Exercise aim – Going through the entries below, copy out each line that contains "Ford".

Records provided –
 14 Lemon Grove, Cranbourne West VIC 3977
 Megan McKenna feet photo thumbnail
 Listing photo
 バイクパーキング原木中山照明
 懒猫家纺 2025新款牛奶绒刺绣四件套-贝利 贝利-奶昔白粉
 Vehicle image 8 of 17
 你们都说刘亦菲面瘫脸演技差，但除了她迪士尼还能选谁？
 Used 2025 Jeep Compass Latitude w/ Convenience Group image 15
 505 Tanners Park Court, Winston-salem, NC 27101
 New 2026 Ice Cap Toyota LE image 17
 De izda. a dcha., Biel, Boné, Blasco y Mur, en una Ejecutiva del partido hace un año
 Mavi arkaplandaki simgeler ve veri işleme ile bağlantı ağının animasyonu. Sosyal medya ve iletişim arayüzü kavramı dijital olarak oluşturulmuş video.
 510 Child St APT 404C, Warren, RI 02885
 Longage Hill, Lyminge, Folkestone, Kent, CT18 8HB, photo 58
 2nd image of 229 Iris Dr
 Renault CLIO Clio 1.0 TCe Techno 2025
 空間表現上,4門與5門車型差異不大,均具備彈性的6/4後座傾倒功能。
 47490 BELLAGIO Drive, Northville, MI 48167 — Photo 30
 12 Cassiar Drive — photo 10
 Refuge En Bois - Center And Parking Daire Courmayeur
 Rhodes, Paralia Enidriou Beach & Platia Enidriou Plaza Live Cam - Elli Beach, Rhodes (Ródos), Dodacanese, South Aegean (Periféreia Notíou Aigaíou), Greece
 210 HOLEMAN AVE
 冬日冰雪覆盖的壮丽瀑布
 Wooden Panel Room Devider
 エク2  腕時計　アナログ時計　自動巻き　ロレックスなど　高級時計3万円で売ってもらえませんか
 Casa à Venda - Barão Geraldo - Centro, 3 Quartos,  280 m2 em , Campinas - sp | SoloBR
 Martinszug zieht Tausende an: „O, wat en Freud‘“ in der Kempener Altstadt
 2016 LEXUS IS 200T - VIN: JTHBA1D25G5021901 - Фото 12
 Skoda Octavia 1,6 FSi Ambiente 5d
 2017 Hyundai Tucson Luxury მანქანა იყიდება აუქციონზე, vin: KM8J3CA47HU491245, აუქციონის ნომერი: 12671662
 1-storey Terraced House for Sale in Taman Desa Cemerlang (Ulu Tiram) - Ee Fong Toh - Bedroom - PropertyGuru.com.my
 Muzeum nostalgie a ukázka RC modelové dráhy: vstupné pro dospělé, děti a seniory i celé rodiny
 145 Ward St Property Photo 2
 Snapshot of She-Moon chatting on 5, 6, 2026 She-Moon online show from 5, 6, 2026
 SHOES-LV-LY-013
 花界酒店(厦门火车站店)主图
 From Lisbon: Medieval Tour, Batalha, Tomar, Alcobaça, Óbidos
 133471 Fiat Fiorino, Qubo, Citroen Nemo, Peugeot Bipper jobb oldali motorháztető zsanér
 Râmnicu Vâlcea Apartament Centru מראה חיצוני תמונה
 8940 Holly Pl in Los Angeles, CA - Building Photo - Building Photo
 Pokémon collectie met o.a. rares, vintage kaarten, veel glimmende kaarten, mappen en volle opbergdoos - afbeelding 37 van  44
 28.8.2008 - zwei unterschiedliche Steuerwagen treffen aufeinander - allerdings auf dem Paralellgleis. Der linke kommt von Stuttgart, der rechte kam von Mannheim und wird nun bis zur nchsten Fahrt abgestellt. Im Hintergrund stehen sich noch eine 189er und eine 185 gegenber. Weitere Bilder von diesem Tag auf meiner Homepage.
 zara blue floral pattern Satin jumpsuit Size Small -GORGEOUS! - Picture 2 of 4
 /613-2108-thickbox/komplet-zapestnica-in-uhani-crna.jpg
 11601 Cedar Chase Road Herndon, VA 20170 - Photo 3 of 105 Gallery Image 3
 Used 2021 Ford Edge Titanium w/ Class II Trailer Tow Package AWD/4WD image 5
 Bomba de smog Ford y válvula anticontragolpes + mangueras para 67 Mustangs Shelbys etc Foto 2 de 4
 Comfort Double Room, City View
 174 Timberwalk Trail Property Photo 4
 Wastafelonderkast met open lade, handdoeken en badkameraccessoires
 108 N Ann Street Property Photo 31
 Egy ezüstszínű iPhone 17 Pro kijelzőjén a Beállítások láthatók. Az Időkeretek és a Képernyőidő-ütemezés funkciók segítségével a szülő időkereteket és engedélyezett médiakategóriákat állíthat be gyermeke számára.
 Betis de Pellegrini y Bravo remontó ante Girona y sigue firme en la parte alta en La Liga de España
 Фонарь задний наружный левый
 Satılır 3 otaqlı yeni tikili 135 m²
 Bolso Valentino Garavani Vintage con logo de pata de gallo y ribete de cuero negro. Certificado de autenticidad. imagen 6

Answer to the problem –
 Used 2021 Ford Edge Titanium w/ Class II Trailer Tow Package AWD/4WD image 5
 Bomba de smog Ford y válvula anticontragolpes + mangueras para 67 Mustangs Shelbys etc Foto 2 de 4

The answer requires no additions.